The second day of Benedict’s pilgrimage to this highly secular country was marked by a joyous open-air Mass that drew tens of thousands of pilgrims and a sober message for the entire continent.

“History has demonstrated the absurdities to which man descends when he excludes God from the horizon of his choices and actions,’’ Benedict said.

Church organizers estimated that 120,000 people packed a field beside an airport in the southern city of Brno for what was expected to be the biggest turnout of his trip. The Rev. Federico Lombardi, a spokesman for the Vatican, said that it was the largest turnout for a Mass in the history of the Czech Republic.

Cheering crowd members from the Czech Republic and neighboring countries, including Austria, Germany, Poland, and Slovakia, sang and waved Czech and Vatican flags.

The 82-year-old pontiff was making the three-day visit as Czechs prepare to mark 20 years since their 1989 Velvet Revolution shook off an atheistic communist regime that ruthlessly persecuted the Roman Catholic Church.

The pope warned that technical progress was not enough to “guarantee the moral welfare of society.’’

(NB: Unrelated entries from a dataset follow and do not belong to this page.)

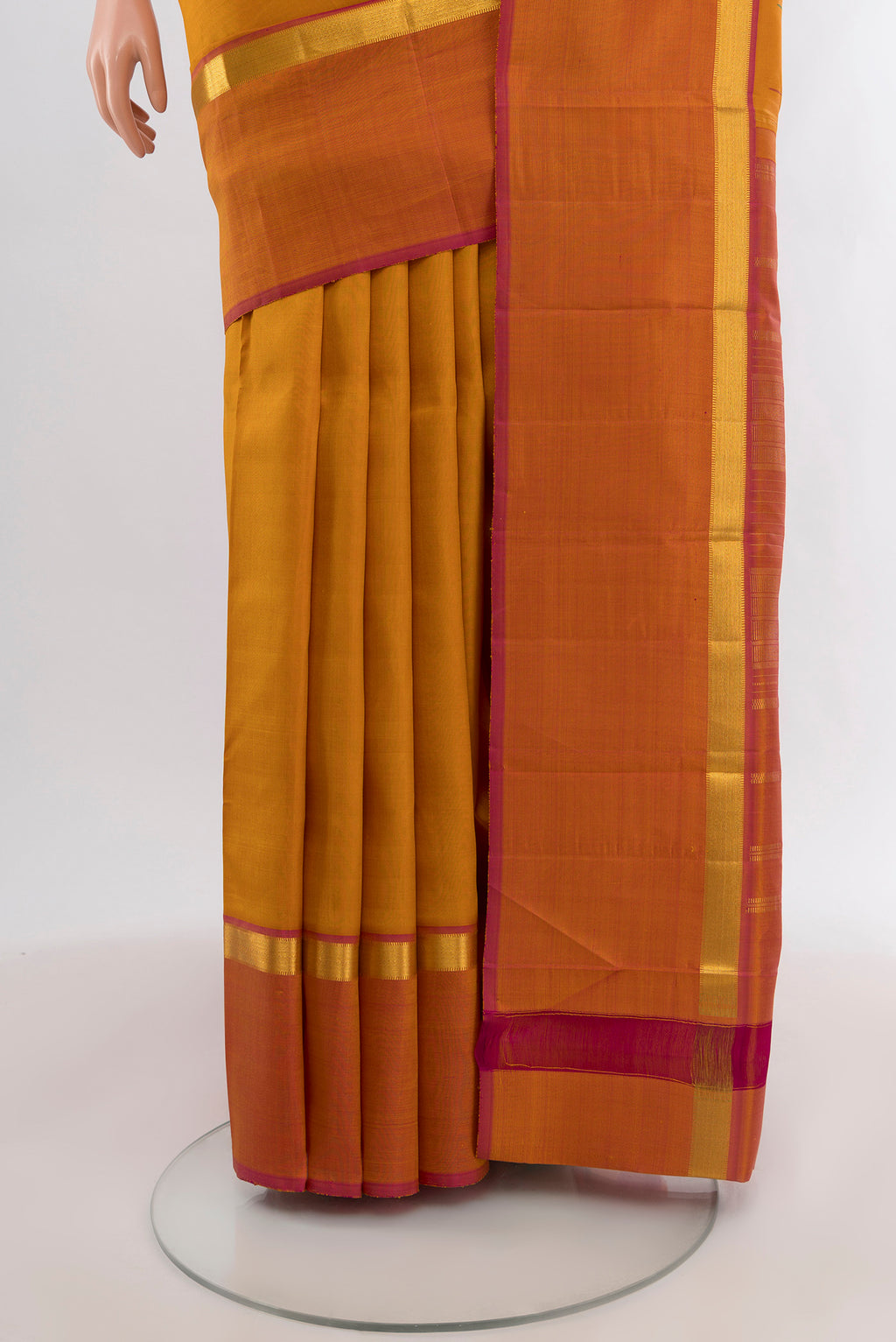 Pleats and pallu of Mustard Kanchipuram Silk Saree with Thread Butta on the body and Zari Border. 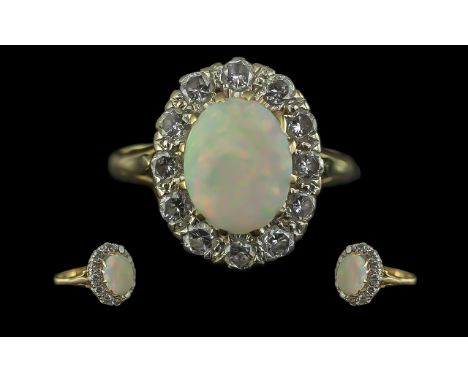 18ct Gold - Attractive Opal and Diamond Set Ring, Flower head Setting. Full Hallmark for 18ct. The Oval Shape Opal Surrounded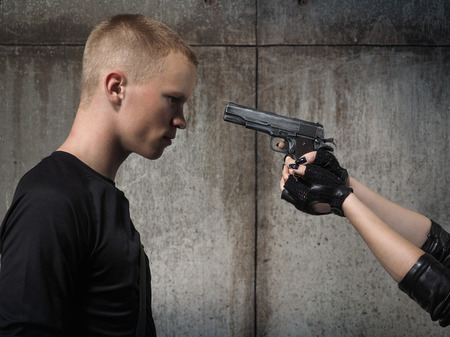 Young man. Female hand pointing the gun in the forehead the manの写真素材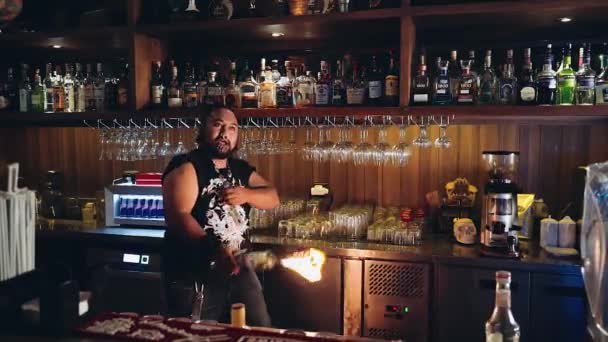 Artistic bartender with piercings, dreadlocks juggling bottle torch and shaker — Stock Video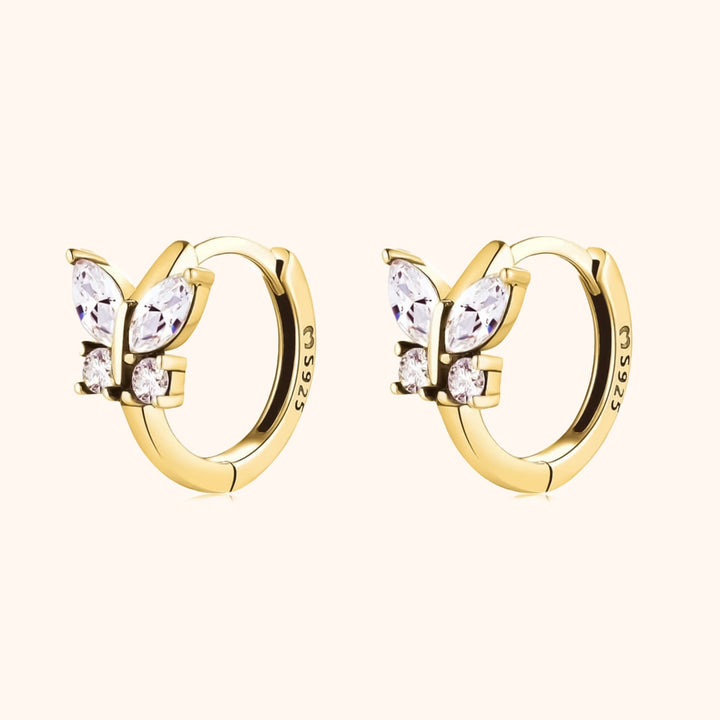 Elegant silver & gold-plated hoop earrings with crystal butterflies. Perfect delicate jewelry gift for her.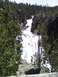 2007 Dodge Caliber - A scenic view of a waterfall flowing through a forested canyon.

“Man needs to be liberated from material oppressions, but more profoundly, he must be saved from the evils that afflict the spirit,’’ Benedict told the crowd.

Later yesterday, in talks with leaders of other faiths and branches of Christianity, Benedict broadened his message to all of Europe. Lombardi said the pope shook hands with Jewish leaders at that meeting, but did not mention the atrocities of World War II. An estimated 80,000 Czech Jews perished in the Holocaust, which decimated the nation’s Jewish community.

Benedict is using the trip to recall communist-era religious repression and to urge Czechs to reconsider a faith many have abandoned.